Saved data entries:

++++++++++++++++++++

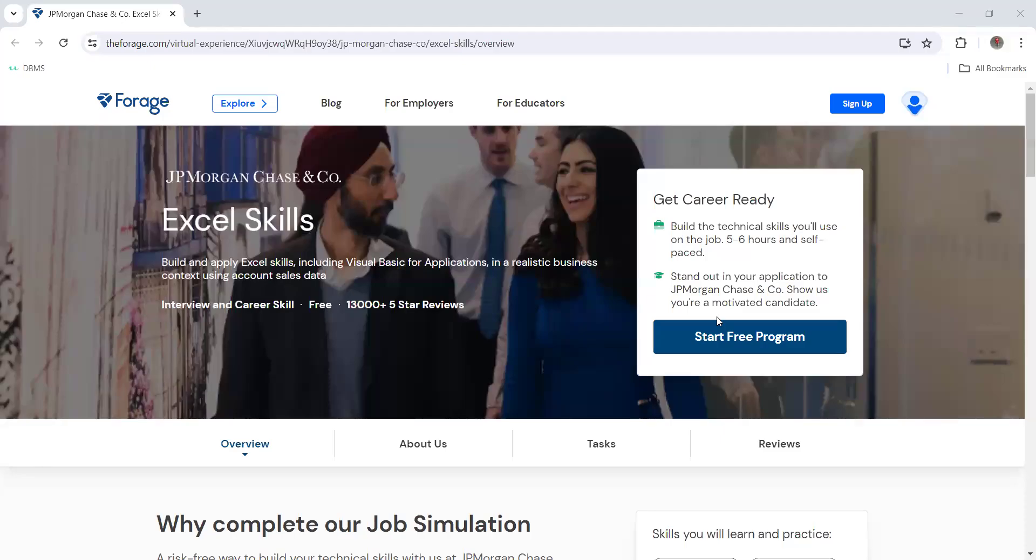Hi guys, welcome back. I saw this opportunity from JP Morgan - they have launched this Excel Skills program. I made a video few days back about JP Morgan's CADP program, which was one of the best programs launched by JP Morgan. Now they have come with another program on Excel skills.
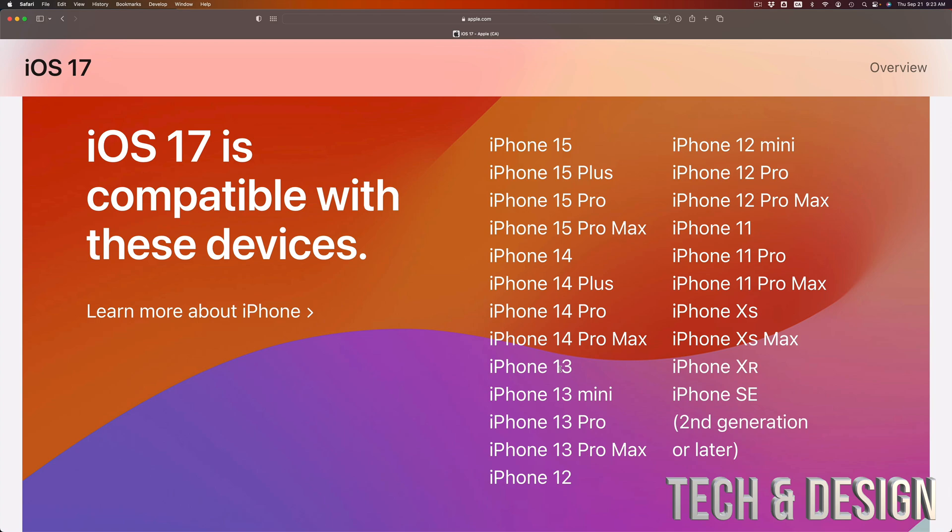So watch out with those and don't be tricked into any videos that teach you how to install iOS 17 on devices where you really can't. Now there is nothing new about this.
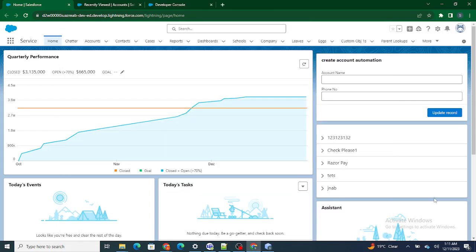Hi all, welcome to Salesforce in Five Minutes. In this video we're going to see how to bring accounts and the related contacts to those particular accounts in an accordion using LWC. But before getting started, if you like my videos, I request you to please subscribe to this channel.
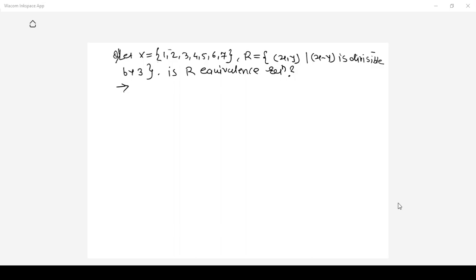Set X is given as elements 1, 2, 3, 4, 5, 6 and 7, and the relation R is defined as pair x comma y where x minus y is divisible by 3. We need to check whether R is an equivalence relation. To do so, you need to check the properties of reflexive, symmetric and transitive.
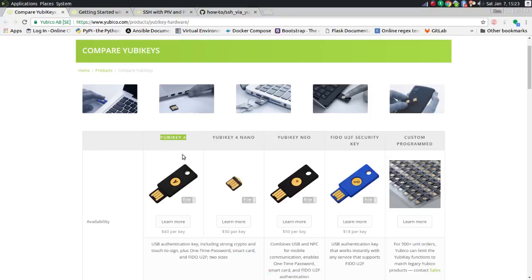The YubiKey 4 is what I have. I typically use it for SSH access into my servers. I run a number of servers at home for personal use and education, and I like using key-based access rather than username and password. Additionally, the YubiKey can provide one-time password authentication as well as static password authentication.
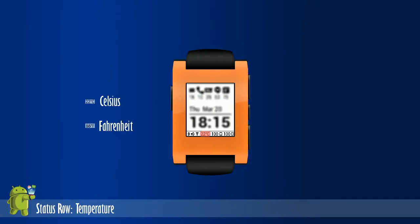The fourth set displays the temperature from OpenWeatherMap.org. It uses the location data from the phone. Temperature can be displayed in Celsius or Fahrenheit.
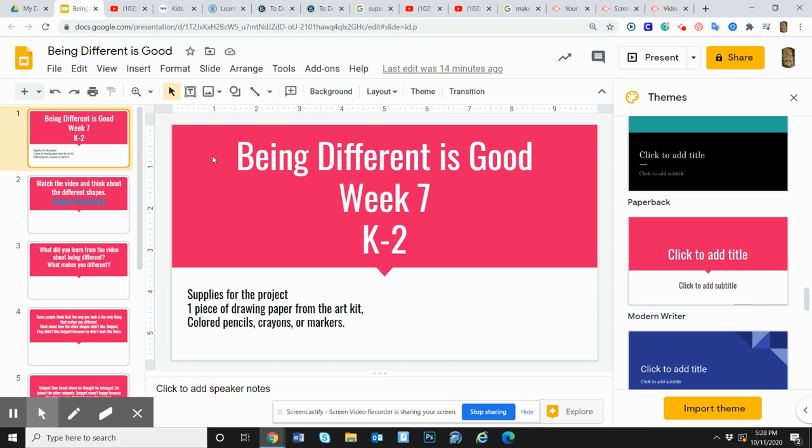Hi artists, Ms. Flashier here for week seven. This week we're going to talk about what makes us different.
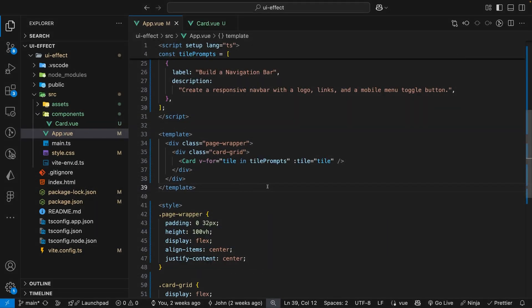To get started what we have is just a simple Vue.js application. You can add this effect to essentially any framework, I'm just using Vue.js here for the demo. If you want to follow along with me in this video you can find the exact starting point for this demo in the GitHub repo that is down below in the description.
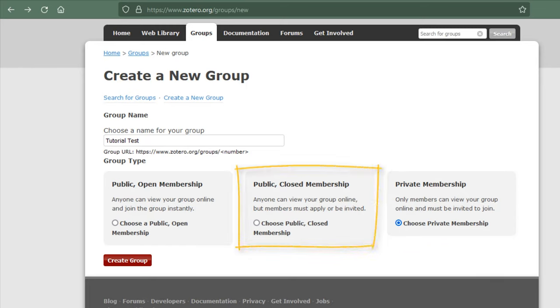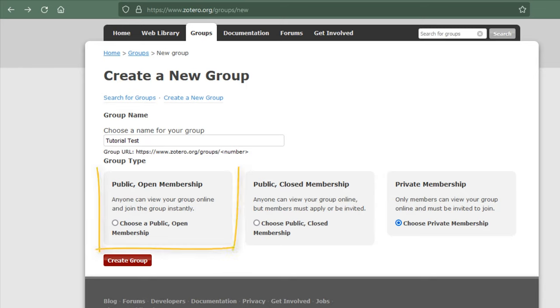Public groups with closed memberships are useful for creating a controlled group environment with a public presence. This group is helpful for creating reading lists. Public groups with open membership are helpful for crowdsourcing resources.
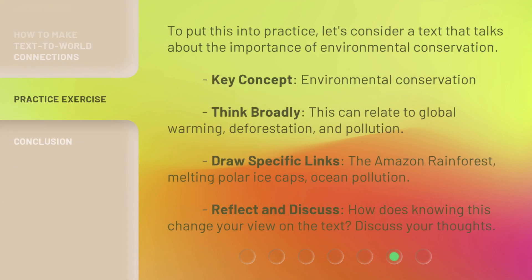To put this into practice, let's consider a text that talks about the importance of environmental conservation. Key concept: environmental conservation. Think broadly — this can relate to global warming, deforestation, and pollution. Draw specific links: the Amazon rainforest, melting polar ice caps, ocean pollution. Reflect and discuss: how does knowing this change your view on the text? Discuss your thoughts.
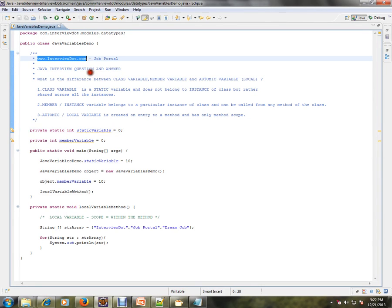Hi, this video is from interview.com. Interview.com is a job portal — if you're looking for a job, you can log on to interview.com and post your resume with us. In this video, I'm going to talk about what is the difference between class variable, member variable, and atomic variable.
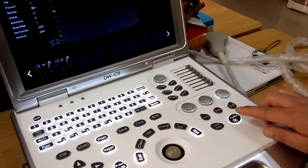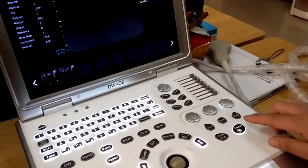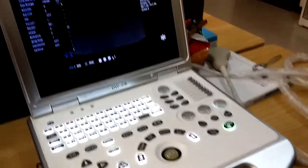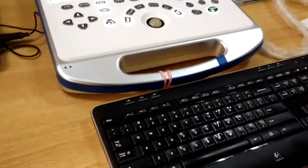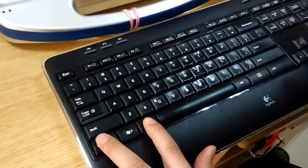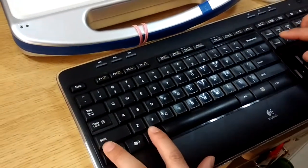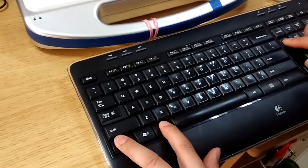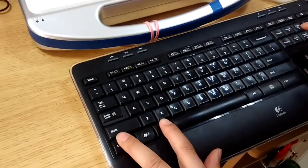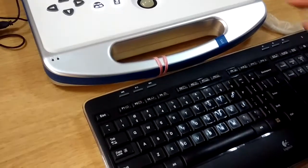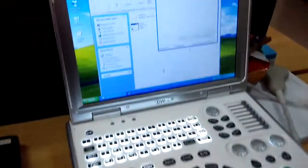First, let's freeze the image, then use the keyboard and press Ctrl plus L plus Delete, then double Delete. Then you can see like this.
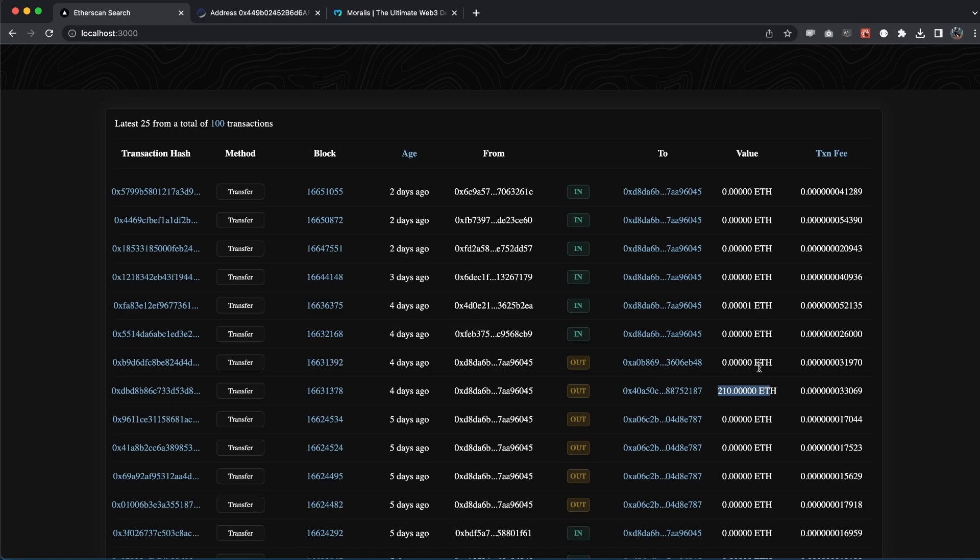With just a few lines of code, look at all the data we can get and we can display it so beautifully. Guys, I hope you enjoyed this video. If you did, do me a favor and smash the like button so I know you appreciated this as much as I did. Otherwise, I hope I will see you in the next video.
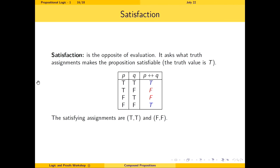Satisfaction is the opposite of evaluation — it asks: what truth assignments make a proposition true (i.e., satisfiable)? Going through the truth table, we identify rows where the proposition evaluates to true. For a biconditional, the satisfying assignments are true-true and false-false. These are called satisfying assignments, and you can find them for all compound propositions.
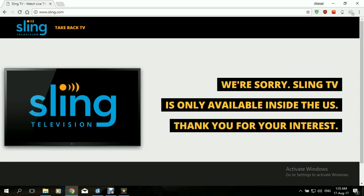Today's tutorial will be showing you how to access Sling from anywhere in the world.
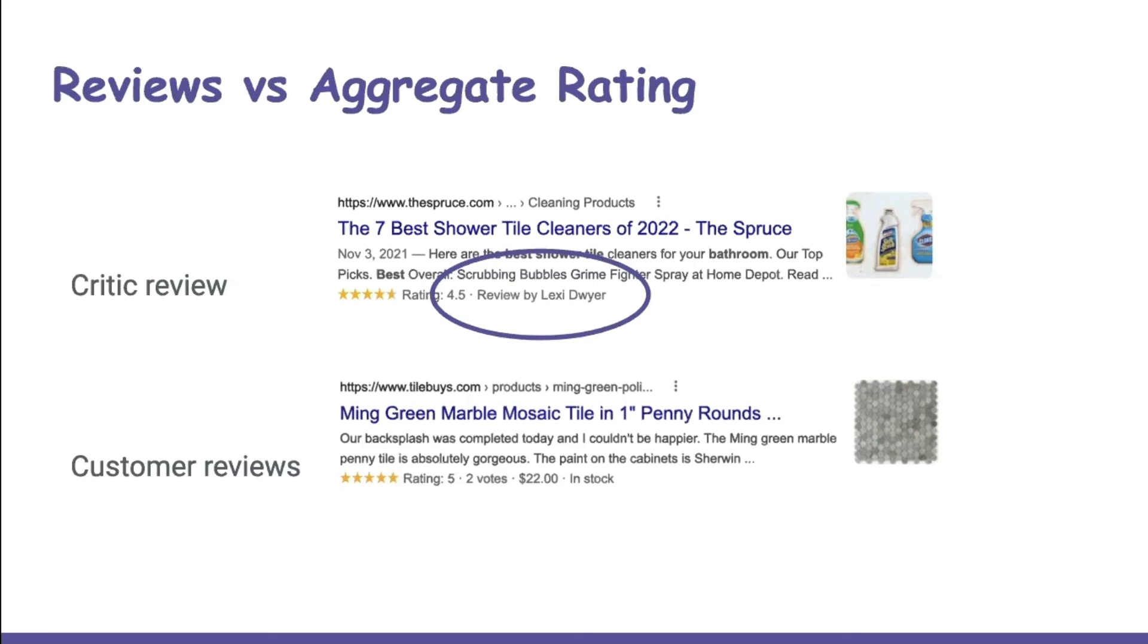The risk of using the review field is that Google may show the reviewer's name and only show their rating instead of the aggregate of all of the reviews for that product.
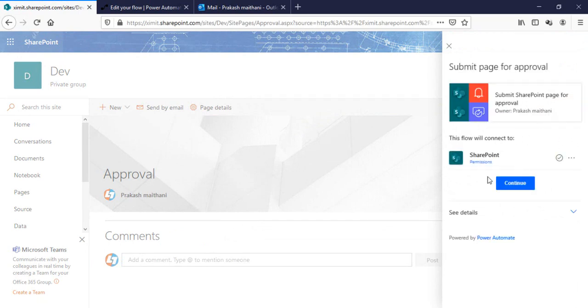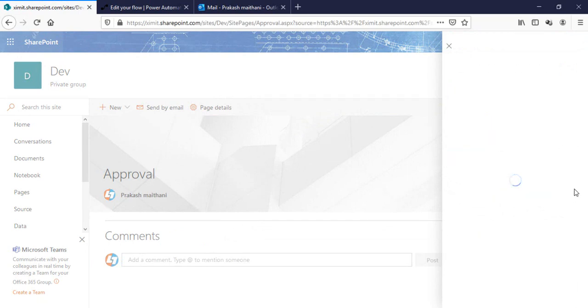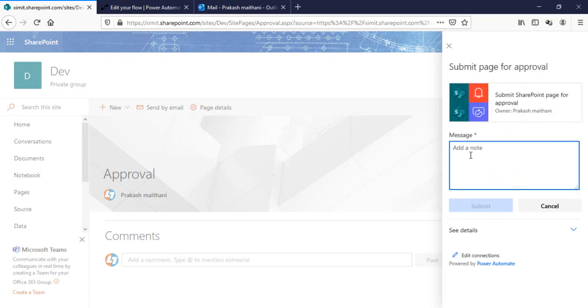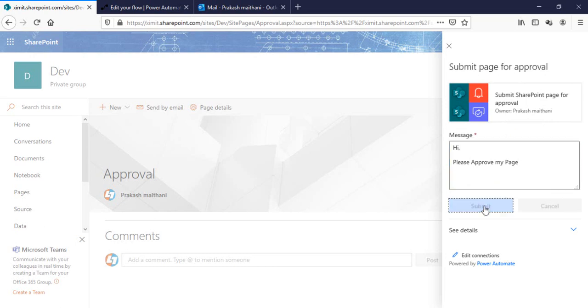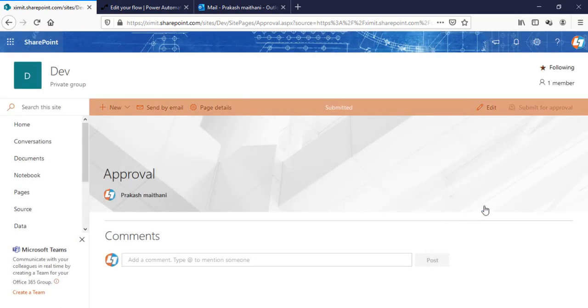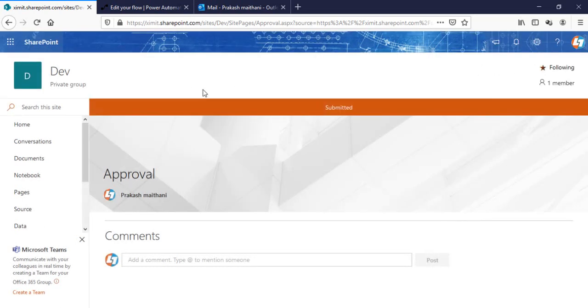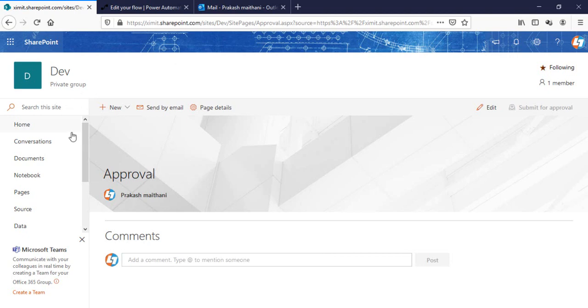Instead of publishing here, we have Submit for Approval option. I'll just click this one. It will ask me to continue with my credentials here and a message, anything you want to say to the approver. So, 'Hi please approve my page,' and click on Submit.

++++++++++++++++++++

INSTRUCTIONS TO FOLLOW: Copy word for word each line of the data above, from the first through the one containing "Hi all, welcome", and include no pictures.

SOLUTION FOR THIS EXERCISE:
Hi guys, welcome back. I saw this opportunity from JP Morgan - they have launched this Excel Skills program. I made a video few days back about JP Morgan's CADP program, which was one of the best programs launched by JP Morgan. Now they have come with another program on Excel skills.
So watch out with those and don't be tricked into any videos that teach you how to install iOS 17 on devices where you really can't. Now there is nothing new about this.
Hi all, welcome to Salesforce in Five Minutes. In this video we're going to see how to bring accounts and the related contacts to those particular accounts in an accordion using LWC. But before getting started, if you like my videos, I request you to please subscribe to this channel.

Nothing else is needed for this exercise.